Oct 1, 2015 | By Alec

Key in 3D printing success is often the CAD software used for your design, and therefore we’ve been very interested in the development of the very ambitious and promising Onshape. CAD innovators Onshape, which launched their so far successful beta earlier this year, is especially fascinating for their cloud-based existence that works well in desktops and in smartphone/tablet apps and is clearly going places: they have just raised $80 million in new equity financing led by Andreessen Horowitz with participation from existing investors New Enterprise Associates (NEA), Commonwealth Capital Ventures and North Bridge Venture Partners. To date, Onshape has raised $144 million in total funding.

For those of you who’ve missed the development of Onshape, it is one of those initiatives that is already capable of gathering steam just with names online. It has been founded by Jon Hirschtick, best known for developing SolidWorks way back in 1993. That SolidWorks was already a success before mainstream 3D printing, is proven by its sale to multinational Dassault Systemes for $316 million in 1997, and the software has been a flagship ever since.

However, in 2012, Hirschtick left Dassault to begin a second CAD revolution. ‘I was on a mission for end users and product designers and it was a fun, really successful ride,’ he told reporters of his exit, and Onshape was quickly born afterwards. Now employing about 80 people, this software is largely unique for its fantastic desktop/smartphone/tablet accessibility.

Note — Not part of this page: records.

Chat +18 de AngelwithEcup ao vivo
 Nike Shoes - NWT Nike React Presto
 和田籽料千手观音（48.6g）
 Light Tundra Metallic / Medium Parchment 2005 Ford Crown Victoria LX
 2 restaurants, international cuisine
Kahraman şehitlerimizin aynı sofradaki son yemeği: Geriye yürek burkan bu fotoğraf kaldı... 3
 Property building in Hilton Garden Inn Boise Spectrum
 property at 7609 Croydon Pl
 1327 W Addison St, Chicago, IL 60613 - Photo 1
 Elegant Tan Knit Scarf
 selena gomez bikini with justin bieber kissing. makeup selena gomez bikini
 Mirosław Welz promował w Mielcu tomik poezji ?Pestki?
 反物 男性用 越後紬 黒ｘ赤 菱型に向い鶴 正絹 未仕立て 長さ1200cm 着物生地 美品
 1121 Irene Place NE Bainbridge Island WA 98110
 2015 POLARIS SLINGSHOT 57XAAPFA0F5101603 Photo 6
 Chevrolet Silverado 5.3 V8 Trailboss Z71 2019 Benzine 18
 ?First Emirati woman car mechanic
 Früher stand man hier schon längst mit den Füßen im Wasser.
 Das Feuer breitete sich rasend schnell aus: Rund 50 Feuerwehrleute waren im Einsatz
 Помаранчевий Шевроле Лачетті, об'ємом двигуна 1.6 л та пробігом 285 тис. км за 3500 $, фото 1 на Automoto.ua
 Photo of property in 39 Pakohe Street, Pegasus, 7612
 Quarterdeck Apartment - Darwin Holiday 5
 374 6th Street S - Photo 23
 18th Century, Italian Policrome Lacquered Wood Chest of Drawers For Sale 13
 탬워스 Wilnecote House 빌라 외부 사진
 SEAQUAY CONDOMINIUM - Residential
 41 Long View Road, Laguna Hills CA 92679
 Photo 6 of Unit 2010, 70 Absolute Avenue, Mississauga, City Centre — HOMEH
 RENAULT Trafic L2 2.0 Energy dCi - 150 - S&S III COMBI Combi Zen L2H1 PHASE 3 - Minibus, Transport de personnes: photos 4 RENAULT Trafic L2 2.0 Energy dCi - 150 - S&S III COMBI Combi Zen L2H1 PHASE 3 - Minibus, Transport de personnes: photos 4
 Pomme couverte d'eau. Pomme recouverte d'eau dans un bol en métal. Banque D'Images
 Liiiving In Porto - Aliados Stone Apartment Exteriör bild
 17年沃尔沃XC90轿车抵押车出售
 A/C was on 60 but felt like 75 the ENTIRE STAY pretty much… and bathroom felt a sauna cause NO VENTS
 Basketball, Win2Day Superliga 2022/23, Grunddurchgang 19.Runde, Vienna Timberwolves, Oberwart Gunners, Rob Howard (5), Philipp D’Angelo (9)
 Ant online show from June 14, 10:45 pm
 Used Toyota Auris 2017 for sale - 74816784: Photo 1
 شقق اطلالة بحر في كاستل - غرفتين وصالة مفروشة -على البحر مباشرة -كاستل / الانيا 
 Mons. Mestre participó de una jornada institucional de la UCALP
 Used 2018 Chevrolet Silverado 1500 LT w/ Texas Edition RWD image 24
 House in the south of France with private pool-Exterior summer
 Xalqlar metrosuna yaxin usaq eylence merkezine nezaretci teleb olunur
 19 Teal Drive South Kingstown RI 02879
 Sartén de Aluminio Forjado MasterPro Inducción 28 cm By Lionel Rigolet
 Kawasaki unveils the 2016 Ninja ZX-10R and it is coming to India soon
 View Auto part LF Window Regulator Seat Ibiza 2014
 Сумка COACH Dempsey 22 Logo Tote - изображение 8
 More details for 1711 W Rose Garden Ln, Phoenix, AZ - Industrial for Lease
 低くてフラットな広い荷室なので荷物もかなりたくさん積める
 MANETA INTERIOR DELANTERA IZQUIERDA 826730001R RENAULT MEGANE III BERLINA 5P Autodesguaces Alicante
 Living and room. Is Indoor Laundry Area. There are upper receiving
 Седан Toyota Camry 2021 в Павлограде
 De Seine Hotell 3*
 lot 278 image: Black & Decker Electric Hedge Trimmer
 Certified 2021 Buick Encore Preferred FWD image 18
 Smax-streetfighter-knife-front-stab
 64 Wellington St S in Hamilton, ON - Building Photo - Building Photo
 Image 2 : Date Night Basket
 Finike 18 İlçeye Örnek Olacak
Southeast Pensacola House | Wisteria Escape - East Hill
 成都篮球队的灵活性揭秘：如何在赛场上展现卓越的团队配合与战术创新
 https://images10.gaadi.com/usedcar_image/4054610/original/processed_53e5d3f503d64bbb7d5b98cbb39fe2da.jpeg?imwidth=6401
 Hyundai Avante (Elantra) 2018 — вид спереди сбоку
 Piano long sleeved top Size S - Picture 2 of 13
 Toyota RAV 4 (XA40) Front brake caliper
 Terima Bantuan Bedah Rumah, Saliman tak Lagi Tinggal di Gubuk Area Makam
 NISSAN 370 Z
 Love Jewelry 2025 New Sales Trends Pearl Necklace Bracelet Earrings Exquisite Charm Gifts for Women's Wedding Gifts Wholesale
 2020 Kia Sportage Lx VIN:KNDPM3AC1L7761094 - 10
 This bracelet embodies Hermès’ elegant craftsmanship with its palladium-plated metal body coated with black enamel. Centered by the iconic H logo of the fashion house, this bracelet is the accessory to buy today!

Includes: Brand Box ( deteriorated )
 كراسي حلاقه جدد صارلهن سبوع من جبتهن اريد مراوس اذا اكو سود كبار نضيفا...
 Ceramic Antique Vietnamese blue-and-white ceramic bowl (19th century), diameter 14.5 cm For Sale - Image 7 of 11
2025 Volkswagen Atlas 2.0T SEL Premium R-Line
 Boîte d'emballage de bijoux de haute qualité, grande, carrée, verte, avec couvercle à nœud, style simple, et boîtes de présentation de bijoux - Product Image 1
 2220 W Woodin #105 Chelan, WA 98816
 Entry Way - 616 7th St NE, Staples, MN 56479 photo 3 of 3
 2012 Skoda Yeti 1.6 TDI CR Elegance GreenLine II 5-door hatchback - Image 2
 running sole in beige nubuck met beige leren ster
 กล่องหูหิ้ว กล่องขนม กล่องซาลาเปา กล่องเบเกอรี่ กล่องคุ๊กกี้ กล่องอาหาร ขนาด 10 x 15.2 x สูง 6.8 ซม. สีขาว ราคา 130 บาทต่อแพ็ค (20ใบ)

Having been in development of three years, Onshape is designed with the purpose of working on large CAD files with large teams and many individual files. To do so, it relies simultaneously on the cloud and on your own processor to render complex CAD files. It can even be used in teams working on the same model simultaneously; you can even watch your colleagues edit files in real time.

It is also quite affordable, costing just $100 per month for unlimited storage and use – perfect for professional users and therefore many are predicting a bright future ahead. Onshape has been doing well in beta so far, with thousands of active users giving positive feedback. While not clear how many paying users have been generated so far, Hirschtick says a very satisfying portion has, and that it will only grow. ‘We’re optimistic that with a product like ours that no longer locks expensive software in stacks, we can involve many more people in the use of CAD data,’ he tells reporters.

The combination of this concept with this initial feedback, has been enough to raise some significant funding. ‘The tech and business press will inevitably focus on the dollar signs, but for us this new partnership means much much more. This powerful vote of confidence ensures that Onshape will continue its momentum as the only company in the world 100% focused on cloud and mobile CAD. We will prudently use the investment to ramp up our R&D and strong customer support as well as expand our global sales and marketing,’ the company says in response to this success.

However the Onshape team is, as they say, particularly pleased with the presence of Andreessen Horowitz, founded by Marc Andreessen who is famous for developing the first browser Mosaic years ago and has since successfully founded web successes like Twitter, Skype, Groupon, Instagram and Airbnb. ‘It’s that kind of experience that will guide and accelerate Onshape’s growth. They have helped scale some of the world’s most innovative technology companies to become necessities in people’s everyday work and personal lives,’ Onshape says.

Peter Levine of Andreessen Horowitz is also confident in Onshape’s success. ‘With every generational shift in computing, the markets get bigger because the tools become easier to use,’ he says to reporters. ‘Just as we saw with the transition from mainframe to PC to mobile, in the case of Onshape and CAD, I think we’ll see the creation of a whole class of micro-designers and micro-manufacturers who will be doing a lot more design work because the tools are readily accessible. If $8 or $9 billion is the estimate for the current CAD market — which, let’s be clear, is already huge — then one can expect that to double or triple.’ It is, in short, a CAD innovation that we will doubtlessly see a lot more of within the 3D printing community.